We met really cool, nice, folks everywhere, and the big lesson for everyone else is that no books should judged by their covers!  





Saturday, August 18, 2012

Sustainability #1

As part of my work in higher education facilities management over the past thirty plus years I get involved in all sorts of sustainability issues. A myriad of technical things are involved certainly, but I worry that we are losing sight of the conceptual and if that's so we can quickly screw up the ways we think about the technical.

The upper midwest family farm, between the late 1800s up to maybe WWII, may have been “our” most sustainable living model. In this case, “our” is us – the immigrant population. This model couldn’t support a huge population, but if we’d stuck with it, there probably wouldn’t be so many of us either!

Many earlier Americans lived more sustainably, although that thinking can tend to be too romantic. The mysterious disappearance of the Anasazi is probably not so mysterious; it’s likely that their lifestyle overcame the local biosphere’s ability to support it when stressed by drought and so on. 

In spite of that, the Navajo have lived on much the same land for centuries, I think because they have a really “outside the (or at least, our) box” idea about what’s needed. If you’ve ever driven through the Four Corners, and so across much of the huge Navajo Reservation, you’ve seen really little, maybe sort of dilapidated homes, off in the distance, where – from inside our box – it doesn’t seem reasonable to live. Traditional Navajo work to live with the concept of “Beauty”. I can’t possibly truly understand this, not having grownup with it, but I think that being in a state of Beauty means that one is in harmony with their setting, themselves, and their neighbors. When this state of harmony exists, a person just doesn’t need a lot of material to be well.

There’s a Minnesota writer I like named Kent Nerburn who has done a lot of work with folks on the Red Lake reservation over time (he lives in Bemidji). I found an interview with him some time back and something he said hit me hard.
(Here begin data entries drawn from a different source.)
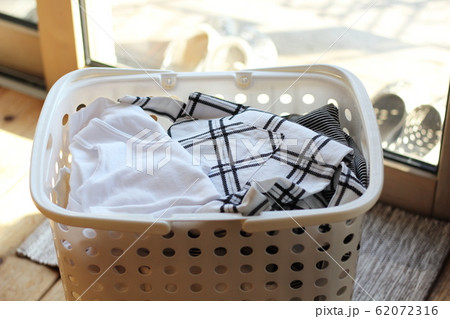 室内に取り込んだ洗濯物 室内に取り込んだ洗濯物 62072316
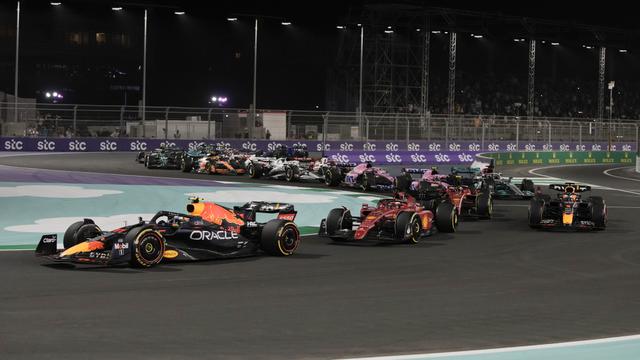 Foto: Menangi Duel Sengit Atas Charles Leclerc, Max Verstappen Jawara F1 GP Arab Saudi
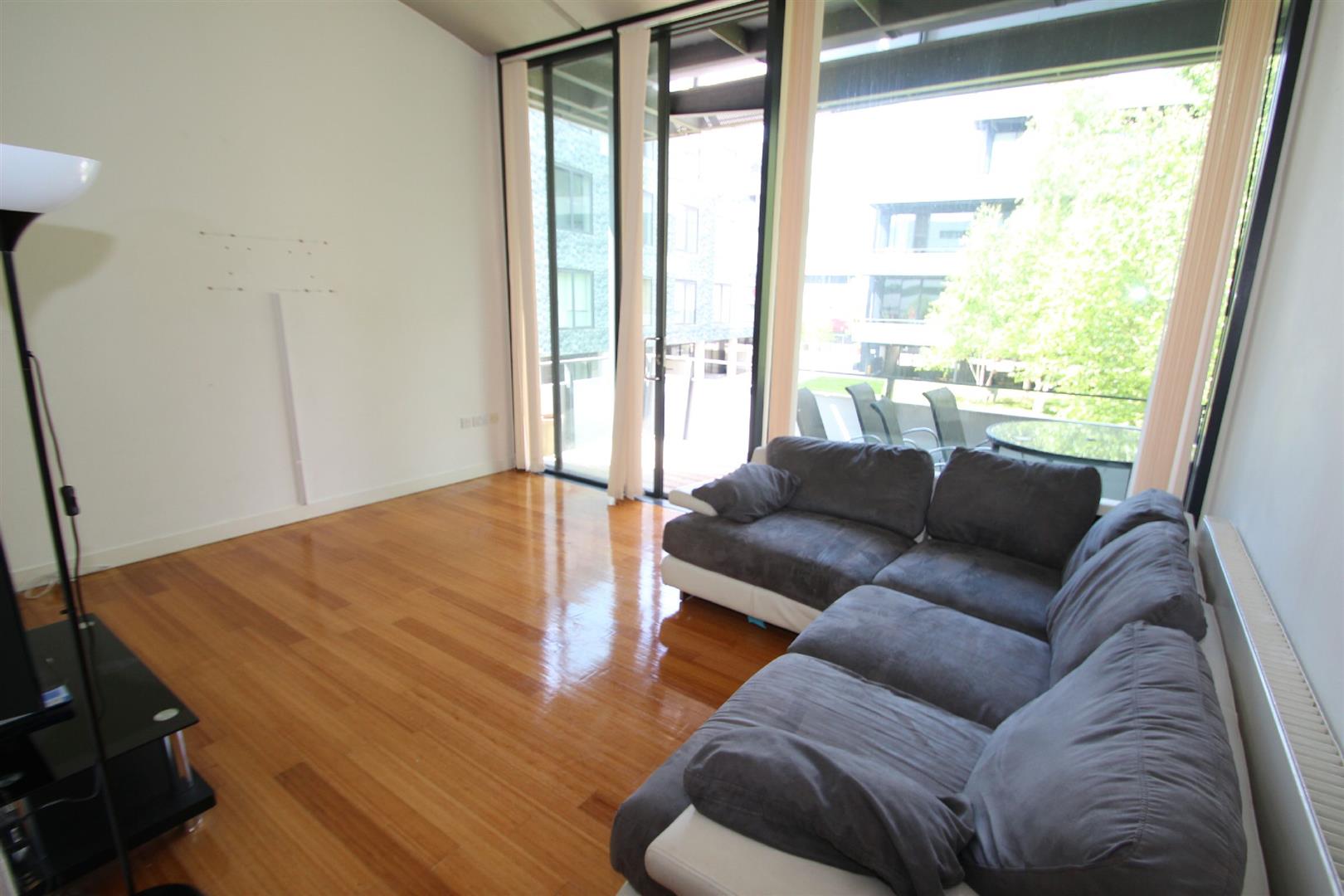 2 bed apartment for sale in Haus 2, Altrincham  - Property Image 4
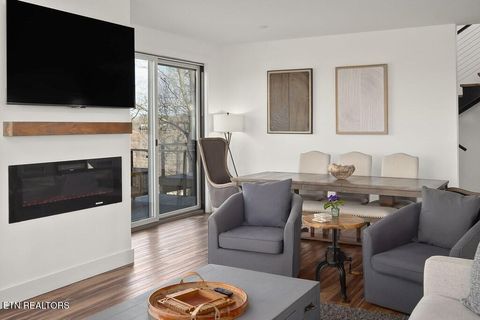 Tiny photo for 1171 W Hutchins Bend Rd, Sparta, TN 38583 (MLS # 1327273)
Interviewer: “Do you think Native Americans have something important to teach us? If so, can you somehow express what it is?”

Kent Nerburn:
“Own less stuff. Listen to the land. Care for family. Be as responsible to your past as to the future. Value honor as highly as freedom, and know that there are some bondages that are good. Recognize that the spiritual lives in the funkiest corners of your daily life as well as in the most elevated places of your search for God. Stop thinking that you're hot shit.”

He wrote my favorite non-fiction book, Neither Wolf Nor dog, On Forgotten Roads With an Indian Elder. There’s not a good way to explain this book; if you know it, you also know what I mean. Even though the people are Lakota and not Navajo, as you read this you’ll start to understand both the idea of Beauty and where the quote comes from. As the adventure unfolded, I found myself first wondering what on earth this well meaning but naïve new American was thinking attempting to do the project in place, and at the end wondering why he would go back where he’d been.

I recommend Neither Wolf Nor Dog to every person concerned about the ways we live in the world – it will get you thinking about what you believe you need versus what is truly needed to live in the beautiful place.